(Bloomberg) -- Former Treasury Secretary Lawrence Summers said that persistent inflationary pressures evident in the latest data suggest that there’s potential for the next Federal Reserve policy move to be to raise interest rates, not lower them.

“There’s a meaningful chance — maybe it’s 15% — that the next move is going to be upwards in rates, not downwards,” Summers said on Bloomberg Television’s Wall Street Week with David Westin. “The Fed is going to have to be very careful.”

Summers spoke at the end of a week that saw hotter-than-expected readings on consumer and producer price indexes for January, which spurred traders to scale back bets on Fed rate cuts in coming months. A key subset of services prices advanced by the most in nearly two years, data showed on Tuesday.

“It’s always a mistake to over-interpret one month’s number — and that’s especially true in January, where calculating seasonality is difficult,” said Summers, a Harvard University professor and paid contributor to Bloomberg TV. “But I think we have to recognize the possibility of a mini-paradigm shift.”

He noted that a major expectation among economists for some time has been that housing costs would become a significant deflationary factor in overall price measures, but that has yet to materialize. Setting rental units aside, the cost of owner-occupied houses doesn’t show a deflationary picture, and may keep up price pressures through the remainder of 2024, Summers said.

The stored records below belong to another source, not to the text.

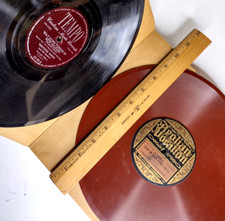 Antico grammofono 78 giri 10"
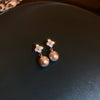 Alloy Zircon Pearl Geometric Earrings For Women Highend Minimalist Retro Style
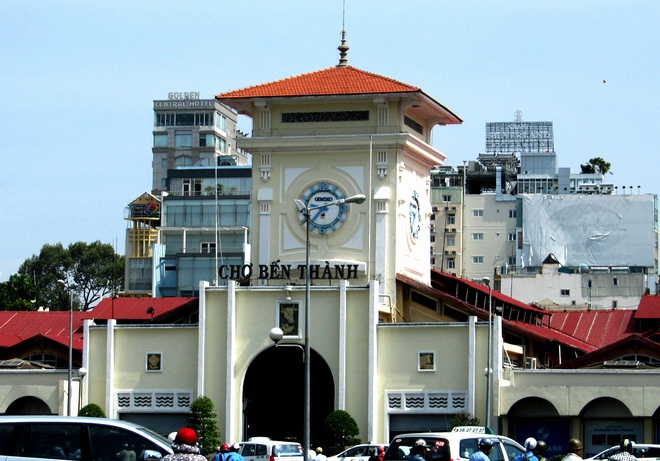 Saigon, HCM City, outstanding architecture, French style, Ben Thanh Market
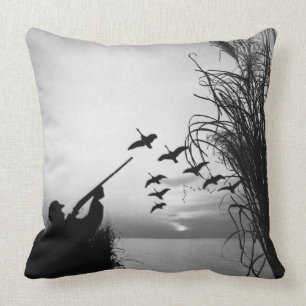 Coussin Chasse de canard d'homme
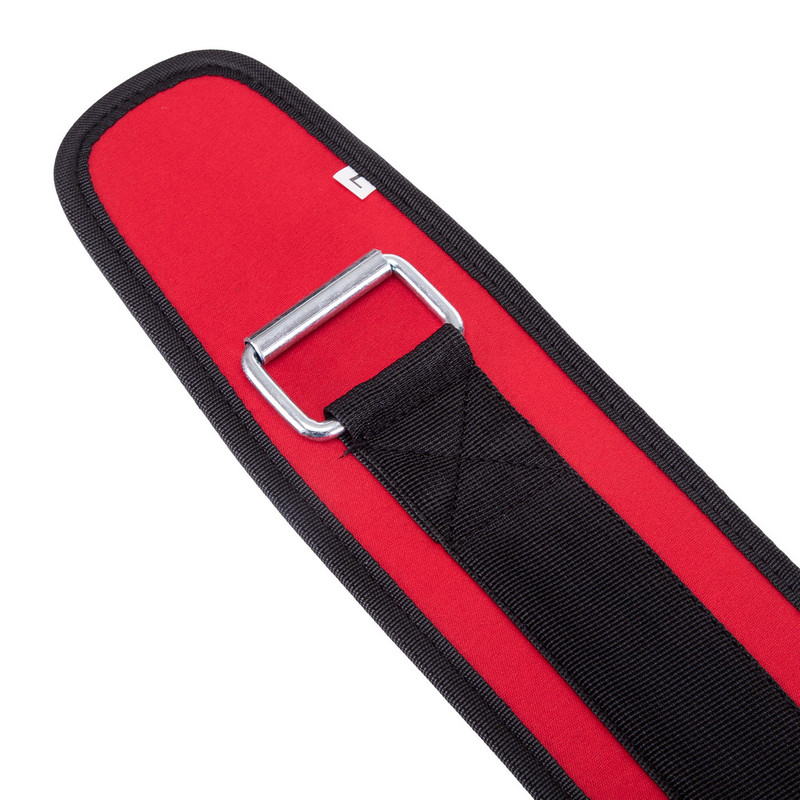 Пояс атлетичний посилений регульований Zelart SB-165472 спинка-10см розмір XS-XXL червоний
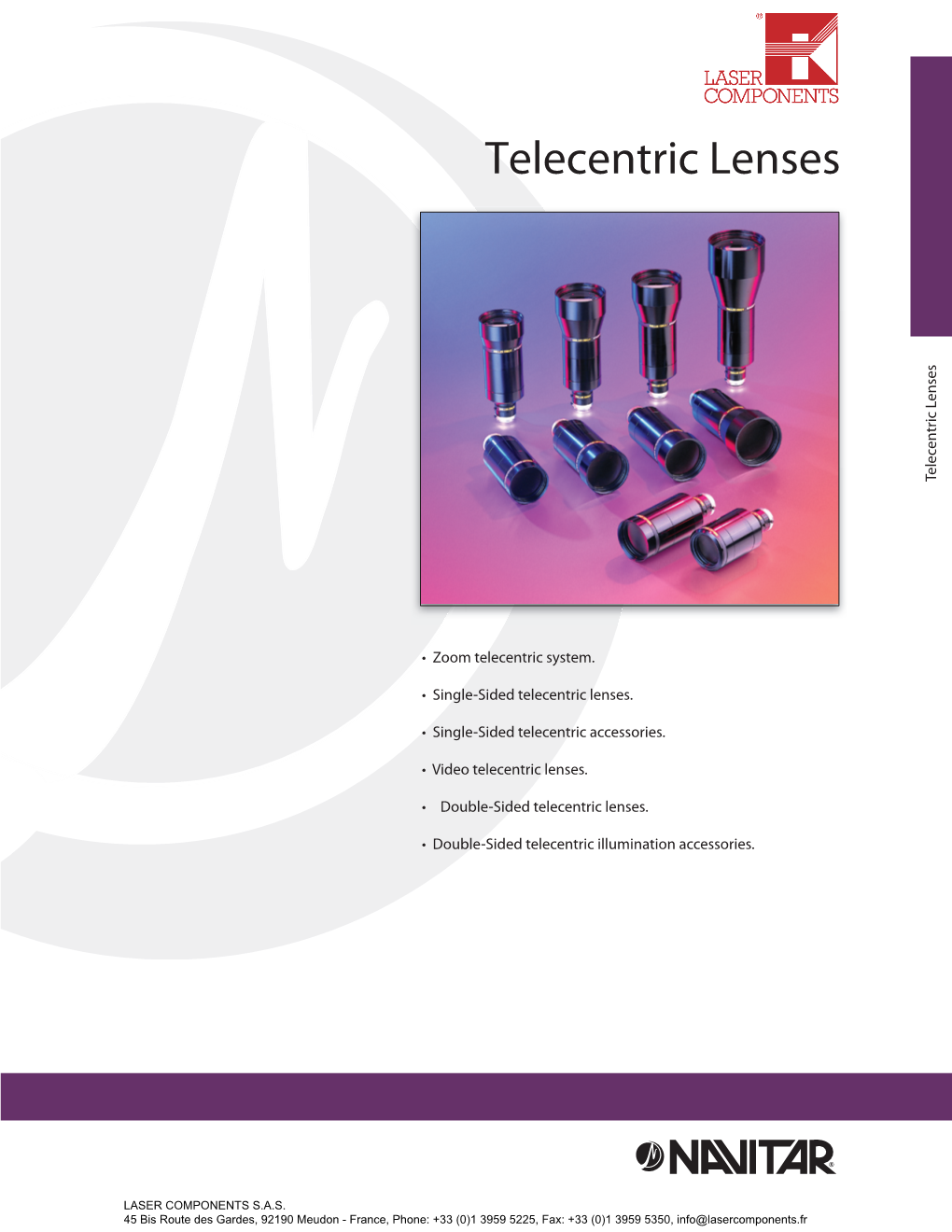 Telecentric Lenses Telecentric Lenses Telecentric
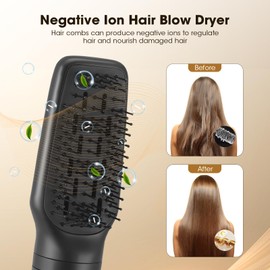 5 In1 HeißLuft Styler, 1300 W, 110.000 U/Min, Neuer Haarstyler Mit BüRstenlosem Motor, Hochgeschwindigkeits-Negativ-Ionen-Haartrockner, 20 M/S Luftstrom-HeißLuftbüRste, Lockenwickler, GläTteisenbüRste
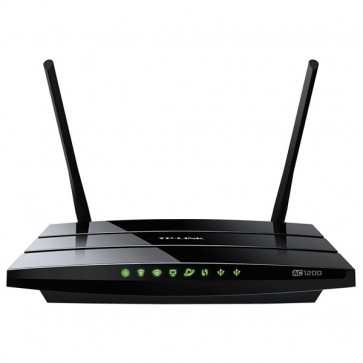 Router Wireless TP-LINK Archer C5 AC1200, Dual-Band 300 + 867Mbps, WAN, LAN, USB 2.0, negru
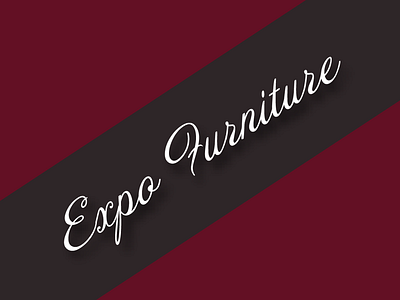 Expo Furniture Logo branding california elegant expo furniture godaddy graphic design logo modern santa clara simple sleek small business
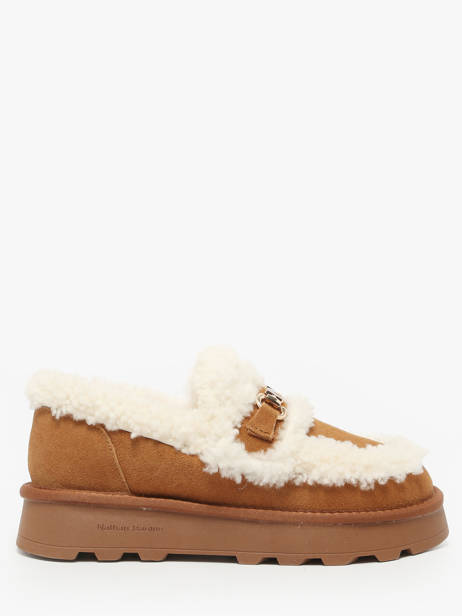 Moccasins In Leather Nathan baume Brown accessoires 252N8503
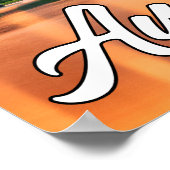 Austin, Texas, Vereinigte Staaten Poster (Ecke)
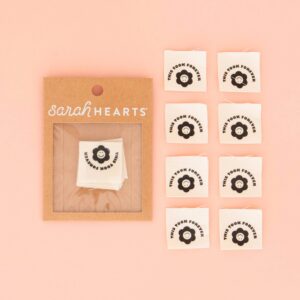 this took forever sewing organic cotton labels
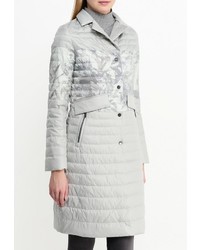 Женская серая куртка-пуховик от Clasna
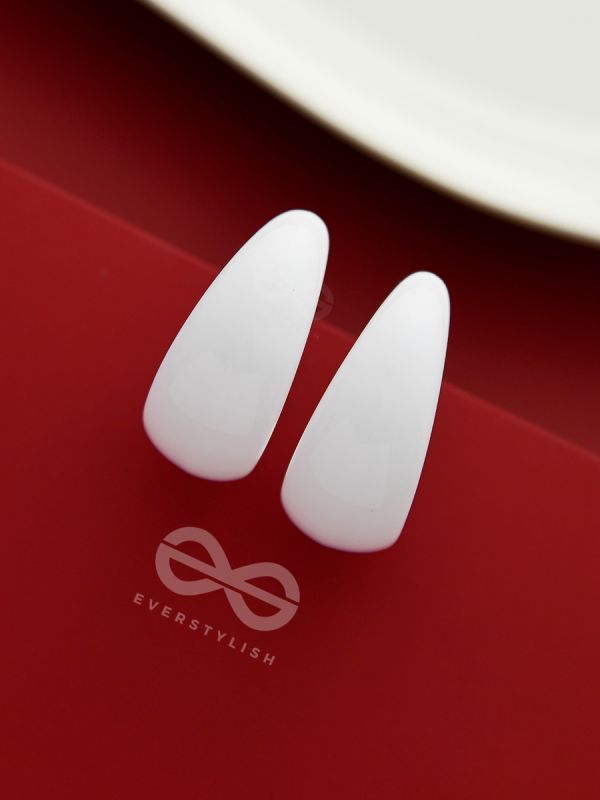 Effortlessly Classy - Statement Hoops (White)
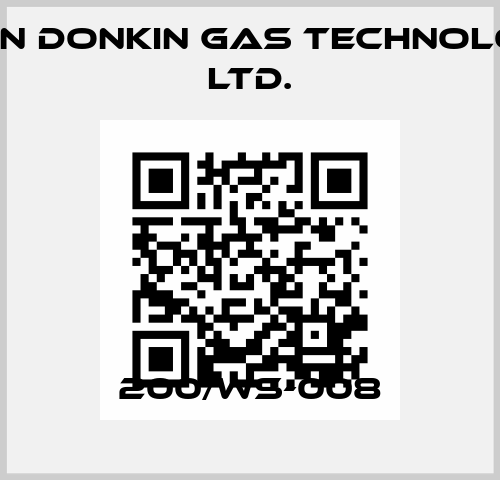 200/WS-008 Bryan Donkin Gas Technologies Ltd.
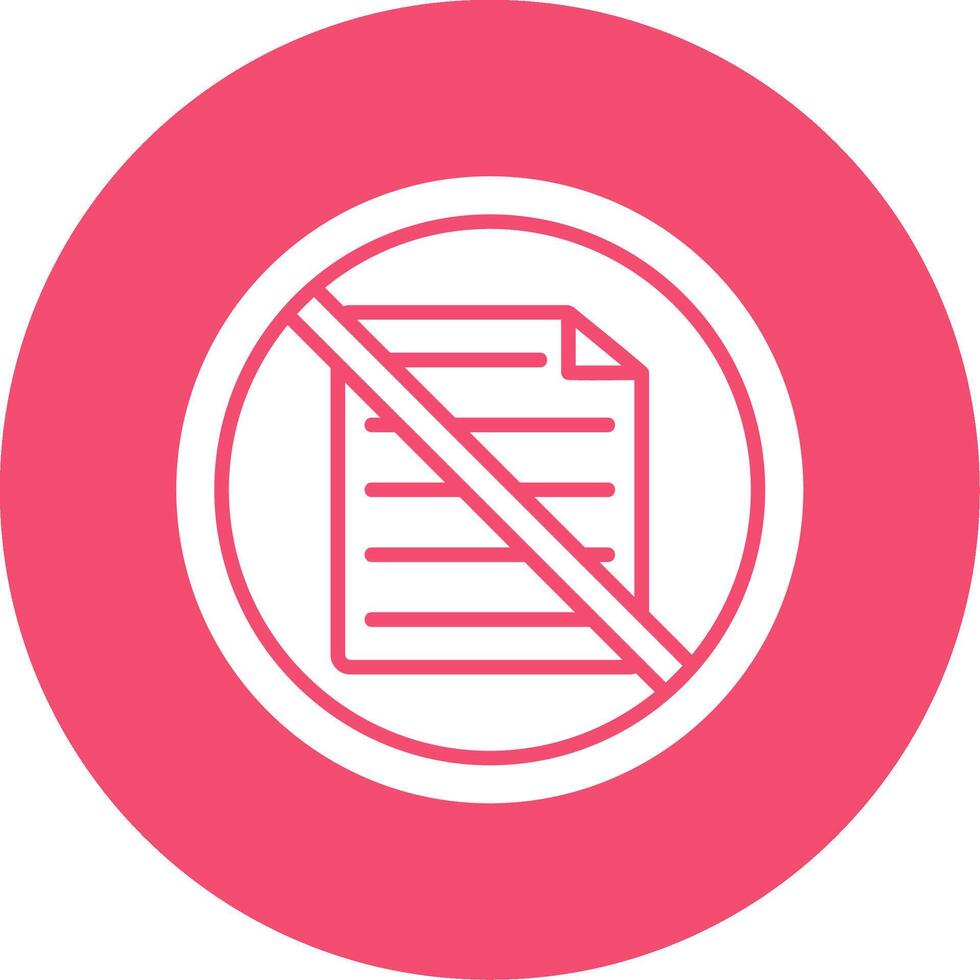 Prohibited Sign Multi Color Circle Icon vector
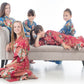 Age 6 to 7 Red Cotton Japanese Girls Kimono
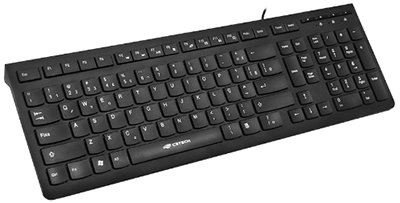 Teclado multimdia com 12 teclas C3Tech KB-M60, USB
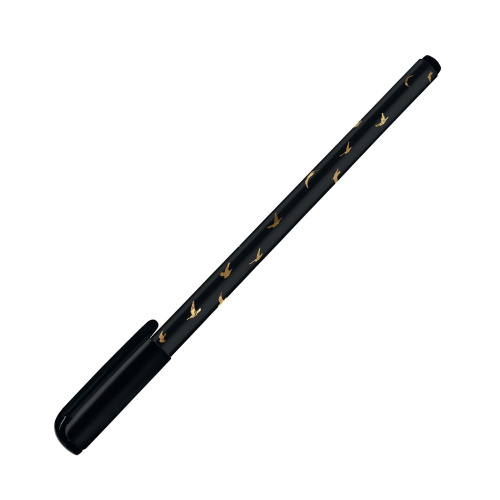 Ручка шариковая Lorex Slim Soft LXOPSS-DDA Птицы на темном 0,5мм синяя "Дава"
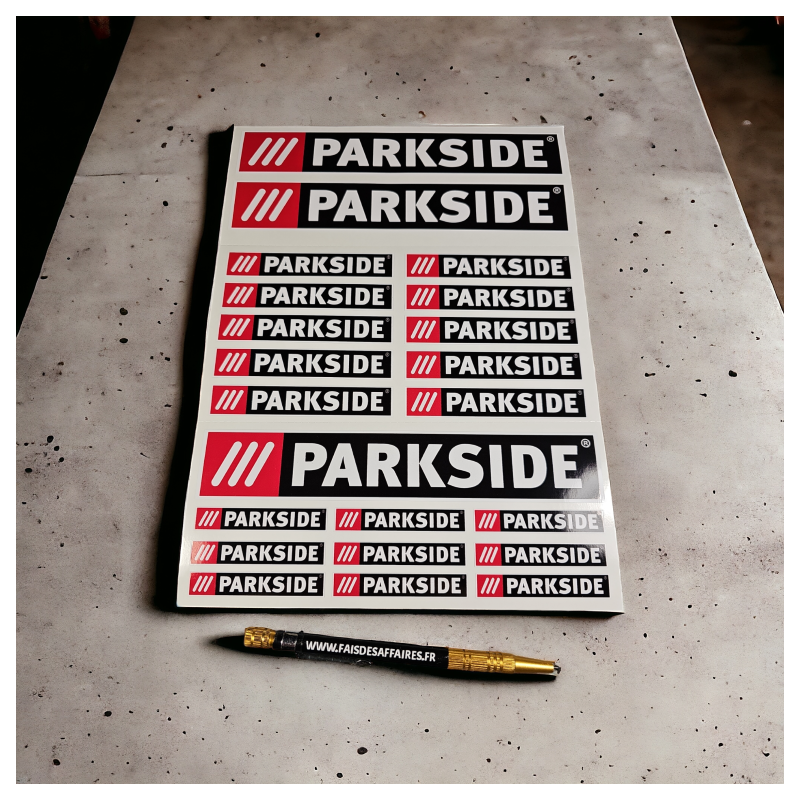 Aufkleber – 22 stickers autocollants Parkside pro | Fais des Affaires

“That’s not the only disturbing indication,” he said. Another key concern is core services prices — which leave out food and energy costs — excluding housing, which have been pushed up by higher wages. “It sure looks like super-core was explosive in January,” he said in reference to that measure.

The core CPI climbed 3.9% in January from a year before, well down from the 2022 peak of 6.6%, and above levels that would be consistent with the Fed’s 2% target, using a separate inflation gauge.

“The assumption that inflation was headed down to 2% in a tranquil, healthy, real economy has certainly been called into question by these data,” Summers said of this week’s figures.

As for when the Fed might be able to cut rates, he said, “May is odds-off at this point. And probably should be odds-off.”